Et je me souviens de moi à 6 ans, j’ai eu une raquette de tennis et j’en jouais comme une guitare devant le miroir de ma chambre, sans arrêt. Je jouais du Blondie et j’étais convaincu de faire partie du groupe. Je savais déjà que je voulais me rapprocher le plus possible de la musique mais je n’y ai jamais pensé comme à une carrière, ou une ambition. C’était simplement mon élément, comme l’eau pour un poisson. J’en faisais toute la journée et plus je m’en suis rapproché, plus j’ai réalisé à quel point il était plus compliqué de produire que de faire de la bonne musique. Plus compliqué d’avoir une carrière dans l’industrie que d’avoir un groupe. Plus compliqué d’envisager le commerce de la musique, comment la vendre, la communiquer. J’ai donc décidé de résoudre ce puzzle : comment faire toutes ces choses ? Et c’était lancé.

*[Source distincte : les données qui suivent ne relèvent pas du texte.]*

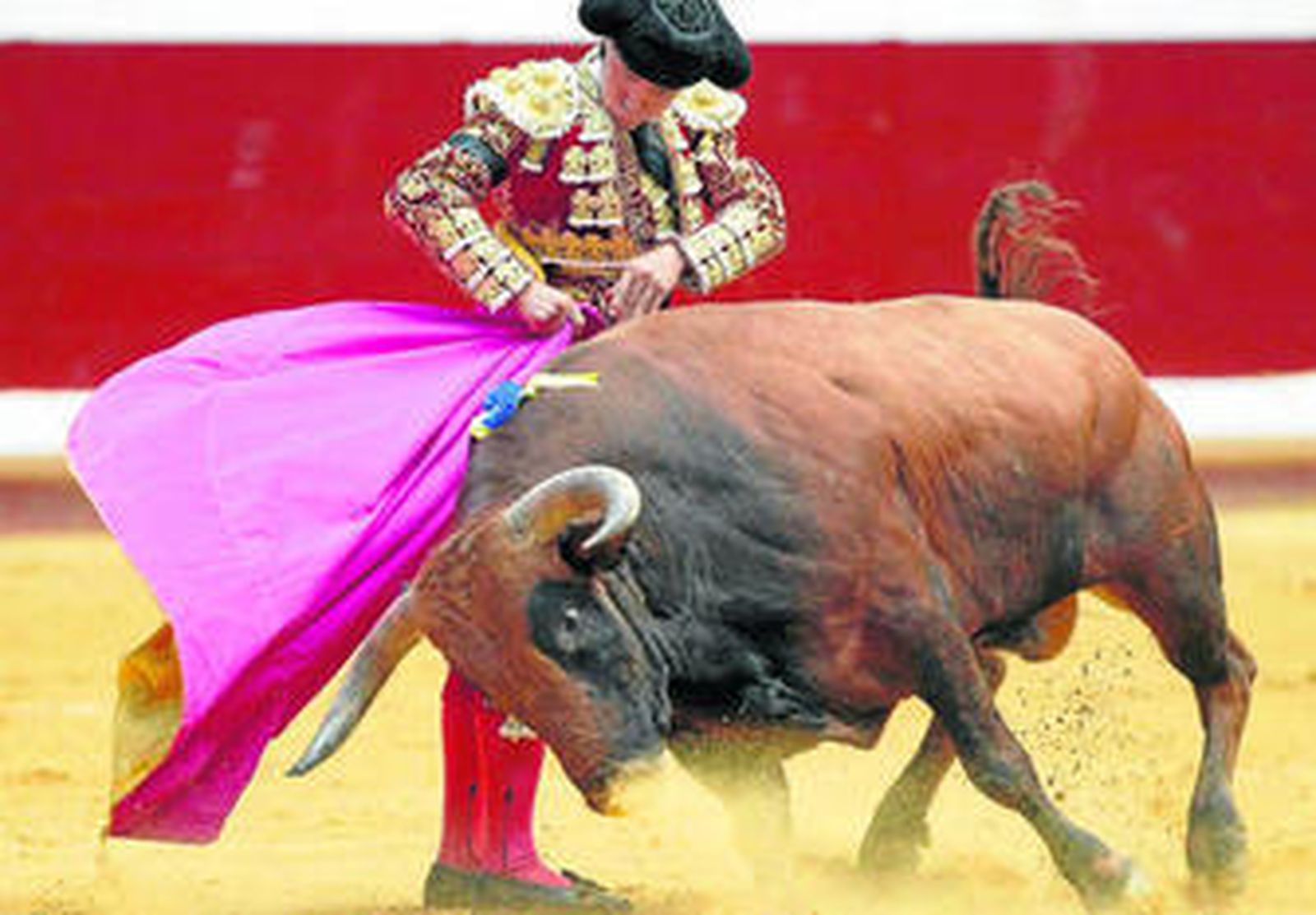 El matador de toros sevillano Antonio Barrera, en una media verónica, ayer en la plaza multiusos de Illumbe.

« Je me souviens de moi à 6 ans, j’ai eu une raquette de tennis et j’en jouais comme une guitare devant le miroir de ma chambre, sans arrêt. Je jouais du Blondie et j’étais convaincu de faire partie du groupe. »

C’est pour ça que vous avez créé un pont entre le choix d’être musicien et celui d’être business man ?

Je voulais simplement voir si c’était possible.  À 16 ans, le plus simple moyen de composer c’était de prendre deux radiocassettes et d’enregistrer chaque partie d’un titre sur l’une des deux machines. C’était du ping-pong. Très tôt, je faisais des chansons comme ça, elles étaient horribles mais elles m’ont aidé à analyser la production. J’ai toujours voulu comprendre la musique, parce que j’ai toujours pensé qu’il y avait quelques secrets de l’univers qui y étaient piégés. Plus j’ai fait de la musique, plus je me suis demandé : comment tu expliques ça aux gens, comment tu le marketes, quel est le business de la musique ? J’ai réalisé qu’il y avait plein de choses à apprendre à ce sujet. Quand j’ai eu 26 ans, j’ai réalisé que j’étais bien meilleur dans le business de la musique que dans sa conception. Je me suis donc dit :  « Ok ! Je vais aller là-bas, parce que c’est ce que je fais le mieux. » Et c’est comme ça que la transition s’est faite. Mais j’ai eu de la chance dans ce que je faisais de signer des groupes et faire des disques. Je partais découvrir des talents et je les aidais à rassembler une équipe de production et des techniciens pour aller au studio, choisir des chansons et travailler. Pendant longtemps, je n’ai pas quitté l’aspect créatif de la musique. Et dans ma position, plus personne n’avait à souffrir de ma musique.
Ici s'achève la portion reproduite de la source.